My research focuses on the production of educational inequality in the United States and how it can be addressed. I have studied the role of two main mechanisms—social relationships and culture—in generating unequal schooling experiences for children.
In particular, I seek to understand racial/ethnic disparities and the experiences of Latinos in U.S. schools.
The Role of Social Relationships
One strand of my research considers the development of social relationships as a site of inequality production in schools. In my dissertation, “Nice to Meet You? Exploring the Development of Supportive Parent-School Relationships in Low-Income Latino Communities,” I use mixed methods to examine how parent-school connections develop (or fail to develop) in predominantly low-income Latino communities during early elementary school, and how a particular family engagement program intervenes on this process. I draw on parents’ own words collected through 50 in-depth interviews with parents from 30 Latino families to explore the processes by which Latino parents develop relationships with their children’s schools. I also examine patterns of growth in parent-school relationships and the impact of a family engagement program using survey data from the Children, Families, and Schools (CFS) study, a cluster randomized controlled trial of a popular family engagement program in 52 predominantly low-income Latino schools.
In a series of collaborative papers using CFS data, I also investigate how the family engagement program may address different educational inequalities. Drawing on a variety of methods, both qualitative and quantitative, these papers explore how social capital developed in schools serving historically marginalized populations, variation across local contexts in how the program affected grade retention, and implications of the program for gender inequalities in social resources.
Another strand of my research considers cultural mechanisms in the (re)production of inequality in schools. In my paper, “Ethnic Culture and Schools: The Role of Student-Teacher Relationships,” I examine the link between ethnic culture and achievement among junior high school students. I find that, for both Black and White students, the effect of ethnic identity on achievement operates more so through teacher perceptions than students’ attitudes about school.

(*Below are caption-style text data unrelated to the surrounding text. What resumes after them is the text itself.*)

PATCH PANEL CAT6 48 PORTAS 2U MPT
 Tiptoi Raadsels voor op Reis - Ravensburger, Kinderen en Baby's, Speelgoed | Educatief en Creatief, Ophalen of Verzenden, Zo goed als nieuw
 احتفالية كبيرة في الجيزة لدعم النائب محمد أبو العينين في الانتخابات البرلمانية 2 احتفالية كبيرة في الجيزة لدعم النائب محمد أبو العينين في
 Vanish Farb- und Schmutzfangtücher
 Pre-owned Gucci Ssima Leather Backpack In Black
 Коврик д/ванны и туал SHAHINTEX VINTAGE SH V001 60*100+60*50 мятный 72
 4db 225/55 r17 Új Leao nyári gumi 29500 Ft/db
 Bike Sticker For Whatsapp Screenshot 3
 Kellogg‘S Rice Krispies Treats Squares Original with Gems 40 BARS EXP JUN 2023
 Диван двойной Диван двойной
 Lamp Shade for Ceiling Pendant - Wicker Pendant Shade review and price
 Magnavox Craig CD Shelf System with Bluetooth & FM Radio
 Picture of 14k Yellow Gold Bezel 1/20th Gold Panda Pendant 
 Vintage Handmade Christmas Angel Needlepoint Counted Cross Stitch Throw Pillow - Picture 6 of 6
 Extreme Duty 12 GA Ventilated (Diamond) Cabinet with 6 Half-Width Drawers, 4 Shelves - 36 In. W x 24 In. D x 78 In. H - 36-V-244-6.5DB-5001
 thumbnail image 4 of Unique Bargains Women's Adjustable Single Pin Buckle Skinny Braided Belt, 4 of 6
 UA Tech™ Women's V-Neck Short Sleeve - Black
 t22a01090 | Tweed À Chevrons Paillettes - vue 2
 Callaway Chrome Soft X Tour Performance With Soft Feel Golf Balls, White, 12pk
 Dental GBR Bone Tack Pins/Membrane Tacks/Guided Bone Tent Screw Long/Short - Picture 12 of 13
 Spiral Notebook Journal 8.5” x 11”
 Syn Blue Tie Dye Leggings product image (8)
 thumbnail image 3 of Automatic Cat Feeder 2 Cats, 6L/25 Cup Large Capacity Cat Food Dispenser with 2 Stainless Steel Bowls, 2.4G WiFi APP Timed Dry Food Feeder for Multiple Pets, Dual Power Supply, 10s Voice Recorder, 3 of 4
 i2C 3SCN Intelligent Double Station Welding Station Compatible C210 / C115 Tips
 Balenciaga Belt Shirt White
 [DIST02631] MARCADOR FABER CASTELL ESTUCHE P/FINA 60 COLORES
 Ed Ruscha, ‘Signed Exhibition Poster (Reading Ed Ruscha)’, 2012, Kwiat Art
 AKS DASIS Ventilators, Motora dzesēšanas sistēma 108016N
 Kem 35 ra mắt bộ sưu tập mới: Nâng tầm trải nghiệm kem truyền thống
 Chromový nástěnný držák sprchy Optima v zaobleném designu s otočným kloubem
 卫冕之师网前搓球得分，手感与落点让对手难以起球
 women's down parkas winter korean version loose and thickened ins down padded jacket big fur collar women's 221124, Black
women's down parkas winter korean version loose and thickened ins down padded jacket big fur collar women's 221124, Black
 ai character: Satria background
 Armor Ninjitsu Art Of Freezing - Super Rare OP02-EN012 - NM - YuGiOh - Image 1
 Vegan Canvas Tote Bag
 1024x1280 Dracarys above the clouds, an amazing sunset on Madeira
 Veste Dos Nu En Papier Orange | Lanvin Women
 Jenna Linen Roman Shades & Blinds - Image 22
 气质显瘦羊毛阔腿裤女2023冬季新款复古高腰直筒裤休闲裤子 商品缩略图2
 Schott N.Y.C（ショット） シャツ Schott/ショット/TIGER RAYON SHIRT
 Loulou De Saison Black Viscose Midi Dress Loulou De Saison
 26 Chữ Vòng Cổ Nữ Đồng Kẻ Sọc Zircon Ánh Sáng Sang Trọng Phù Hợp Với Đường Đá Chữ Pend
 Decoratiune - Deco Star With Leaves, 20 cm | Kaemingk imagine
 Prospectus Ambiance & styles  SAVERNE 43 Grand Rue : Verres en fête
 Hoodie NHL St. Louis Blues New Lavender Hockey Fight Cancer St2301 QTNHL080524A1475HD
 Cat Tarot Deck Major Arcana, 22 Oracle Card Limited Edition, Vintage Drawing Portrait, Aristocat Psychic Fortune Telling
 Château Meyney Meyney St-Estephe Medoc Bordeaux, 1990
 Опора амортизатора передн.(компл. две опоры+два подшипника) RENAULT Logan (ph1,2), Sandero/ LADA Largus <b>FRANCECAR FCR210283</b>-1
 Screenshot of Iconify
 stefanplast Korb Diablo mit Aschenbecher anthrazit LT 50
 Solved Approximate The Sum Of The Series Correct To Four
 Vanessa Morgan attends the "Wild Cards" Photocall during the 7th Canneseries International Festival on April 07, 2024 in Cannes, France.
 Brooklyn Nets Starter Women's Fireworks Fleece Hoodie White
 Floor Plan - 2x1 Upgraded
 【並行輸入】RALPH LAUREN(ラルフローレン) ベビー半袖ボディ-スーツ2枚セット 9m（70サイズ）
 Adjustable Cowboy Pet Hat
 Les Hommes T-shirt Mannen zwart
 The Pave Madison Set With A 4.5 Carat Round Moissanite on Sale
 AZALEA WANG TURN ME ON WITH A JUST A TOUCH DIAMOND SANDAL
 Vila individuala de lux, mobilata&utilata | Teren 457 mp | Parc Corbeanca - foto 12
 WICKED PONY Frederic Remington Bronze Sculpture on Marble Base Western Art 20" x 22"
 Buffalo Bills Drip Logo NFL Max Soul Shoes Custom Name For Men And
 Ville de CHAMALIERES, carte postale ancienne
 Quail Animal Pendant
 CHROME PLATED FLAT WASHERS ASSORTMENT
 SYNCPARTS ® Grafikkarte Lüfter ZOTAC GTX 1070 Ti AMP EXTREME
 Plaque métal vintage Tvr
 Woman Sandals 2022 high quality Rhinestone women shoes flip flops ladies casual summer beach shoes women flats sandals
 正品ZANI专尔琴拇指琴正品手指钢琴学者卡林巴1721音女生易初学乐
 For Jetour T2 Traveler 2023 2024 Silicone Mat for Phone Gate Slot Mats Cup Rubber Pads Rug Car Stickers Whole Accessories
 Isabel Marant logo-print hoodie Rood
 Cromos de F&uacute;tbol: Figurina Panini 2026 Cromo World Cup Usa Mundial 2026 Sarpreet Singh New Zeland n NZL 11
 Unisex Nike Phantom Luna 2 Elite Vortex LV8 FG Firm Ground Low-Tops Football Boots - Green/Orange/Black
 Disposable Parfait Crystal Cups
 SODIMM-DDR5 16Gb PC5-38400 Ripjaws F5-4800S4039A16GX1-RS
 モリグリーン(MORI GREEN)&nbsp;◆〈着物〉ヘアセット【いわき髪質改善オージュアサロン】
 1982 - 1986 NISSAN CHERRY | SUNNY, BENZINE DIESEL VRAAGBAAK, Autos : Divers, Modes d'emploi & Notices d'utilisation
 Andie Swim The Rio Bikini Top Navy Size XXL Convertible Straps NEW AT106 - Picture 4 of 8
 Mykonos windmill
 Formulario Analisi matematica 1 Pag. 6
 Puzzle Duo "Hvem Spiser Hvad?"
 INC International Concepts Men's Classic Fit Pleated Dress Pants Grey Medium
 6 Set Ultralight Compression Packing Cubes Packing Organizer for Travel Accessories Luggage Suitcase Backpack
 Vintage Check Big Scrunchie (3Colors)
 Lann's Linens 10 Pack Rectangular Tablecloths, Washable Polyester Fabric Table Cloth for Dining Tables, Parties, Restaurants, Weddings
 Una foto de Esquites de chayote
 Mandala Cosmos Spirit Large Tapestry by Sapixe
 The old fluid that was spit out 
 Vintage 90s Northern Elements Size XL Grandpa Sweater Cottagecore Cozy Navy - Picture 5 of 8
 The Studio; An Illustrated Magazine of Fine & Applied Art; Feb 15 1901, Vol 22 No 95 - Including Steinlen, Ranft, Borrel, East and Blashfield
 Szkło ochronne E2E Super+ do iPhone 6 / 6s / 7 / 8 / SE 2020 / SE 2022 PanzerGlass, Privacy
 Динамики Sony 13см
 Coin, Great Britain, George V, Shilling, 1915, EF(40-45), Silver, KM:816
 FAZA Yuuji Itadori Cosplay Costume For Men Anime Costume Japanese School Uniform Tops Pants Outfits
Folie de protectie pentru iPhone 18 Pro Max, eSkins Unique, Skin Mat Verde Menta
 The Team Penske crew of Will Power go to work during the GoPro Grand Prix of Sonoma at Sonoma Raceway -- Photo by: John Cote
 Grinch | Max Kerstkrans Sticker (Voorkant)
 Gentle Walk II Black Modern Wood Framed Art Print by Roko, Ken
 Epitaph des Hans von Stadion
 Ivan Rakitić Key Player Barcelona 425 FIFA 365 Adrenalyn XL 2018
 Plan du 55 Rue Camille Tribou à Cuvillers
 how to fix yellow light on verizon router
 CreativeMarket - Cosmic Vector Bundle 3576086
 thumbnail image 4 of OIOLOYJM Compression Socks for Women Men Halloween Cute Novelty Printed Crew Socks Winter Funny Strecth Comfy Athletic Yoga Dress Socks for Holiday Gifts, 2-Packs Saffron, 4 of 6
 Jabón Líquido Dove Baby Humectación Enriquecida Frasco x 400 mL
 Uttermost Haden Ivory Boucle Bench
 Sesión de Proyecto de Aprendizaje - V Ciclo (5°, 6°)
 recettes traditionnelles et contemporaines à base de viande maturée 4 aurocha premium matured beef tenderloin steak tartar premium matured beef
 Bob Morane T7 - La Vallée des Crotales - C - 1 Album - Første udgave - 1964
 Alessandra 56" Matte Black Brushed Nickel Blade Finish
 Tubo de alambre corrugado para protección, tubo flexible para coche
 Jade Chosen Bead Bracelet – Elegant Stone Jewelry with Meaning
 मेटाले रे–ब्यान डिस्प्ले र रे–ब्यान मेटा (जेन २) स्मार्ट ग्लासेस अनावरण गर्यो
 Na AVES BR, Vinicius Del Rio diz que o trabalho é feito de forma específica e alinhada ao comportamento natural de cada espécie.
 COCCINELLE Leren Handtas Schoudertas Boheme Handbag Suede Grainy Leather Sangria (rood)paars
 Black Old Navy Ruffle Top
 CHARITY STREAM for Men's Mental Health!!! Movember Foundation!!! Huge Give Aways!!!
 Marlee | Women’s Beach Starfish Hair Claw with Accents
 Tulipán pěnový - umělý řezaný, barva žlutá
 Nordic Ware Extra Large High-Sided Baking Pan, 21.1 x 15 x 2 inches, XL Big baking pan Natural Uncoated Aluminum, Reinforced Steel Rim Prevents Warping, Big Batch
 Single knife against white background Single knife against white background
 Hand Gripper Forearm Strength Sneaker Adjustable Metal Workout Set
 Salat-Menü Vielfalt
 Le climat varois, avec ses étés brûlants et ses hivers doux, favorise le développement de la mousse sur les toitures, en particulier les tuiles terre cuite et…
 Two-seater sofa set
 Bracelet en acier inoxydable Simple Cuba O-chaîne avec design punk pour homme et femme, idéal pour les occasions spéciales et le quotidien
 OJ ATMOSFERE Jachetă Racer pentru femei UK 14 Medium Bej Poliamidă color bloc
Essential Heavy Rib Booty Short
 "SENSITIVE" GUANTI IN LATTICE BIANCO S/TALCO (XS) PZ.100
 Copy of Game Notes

In other on-going collaborative work, I am examining the role of another cultural mechanism—parenting practices—in the production of inequality at the intersection of ethnicity and social class. My co-author and I explore the link between class background and childrearing using interview data on immigrant and U.S.-born Mexican-origin parents. We find that parenting is responsive to experiences of intragenerational class mobility, and within-family variation in parenting strategies can arise when mothers and fathers have different class backgrounds.